Compte tenu de tout ce qui précède, il y a lieu de faire injonction à Mme D... B... ainsi qu’à tous occupants de son chef, de quitter le lieu d’hébergement pour demandeurs d’asile qu’elle occupe et, en cas d’inexécution de cette mesure dans le délai de quinze jours suivant la notification de la présence ordonnance, d’autoriser la préfète du Rhône à procéder à l’évacuation forcée des lieux, le cas échéant avec le concours de la force publique. Il n’y a pas lieu d’assortir cette injonction d’une astreinte.

O R D O N N E :

Article 1er : Il est enjoint à Mme D... B... de libérer, dans le délai de quinze jours à compter de la notification de la présente ordonnance, le logement occupé au sein du CADA de Bron.

Article 2 : Faute pour Mme D... B... d’avoir libéré les lieux à l’expiration de ce délai de quinze jours, la préfète du Rhône pourra procéder d’office à leur expulsion, au besoin avec le concours de la force publique, et donner toutes instructions utiles au gestionnaire du centre afin de débarrasser les lieux des biens meubles s’y trouvant, aux frais et risques de l’occupante.

Article 3 : Le surplus des conclusions de la requête est rejeté.

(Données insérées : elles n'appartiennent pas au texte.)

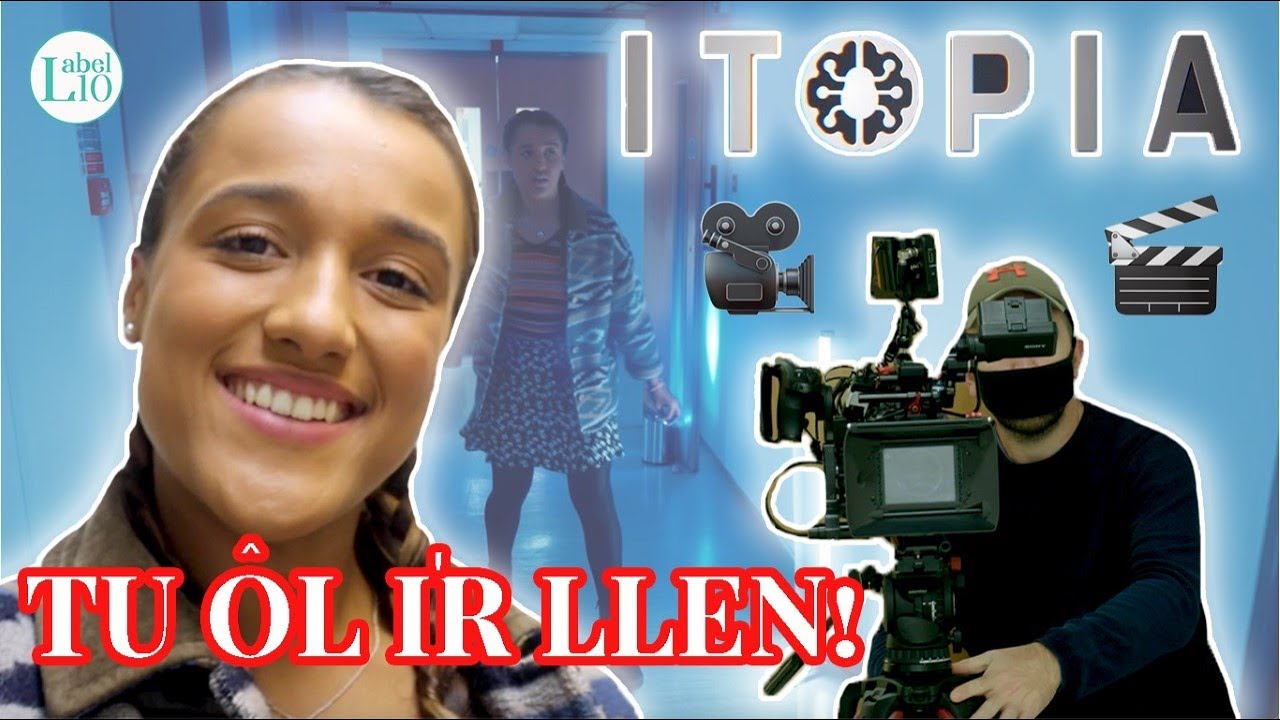VLOG | Tu ôl i’r llen yn ffilmio ITOPIA! Filming a Welsh sci-fi drama!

Article 4 : La présente ordonnance sera notifiée à la préfète du Rhône et à Mme D... B....

Fait à Lyon, le 2 mars 2026.

Le juge des référés,



R. Reymond-Kellal


La République mande et ordonne à la préfète du Rhône en ce qui la concerne ou à tous commissaires de justice à ce requis en ce qui concerne les voies de droit commun contre les parties privées, de pourvoir à l'exécution de la présente décision.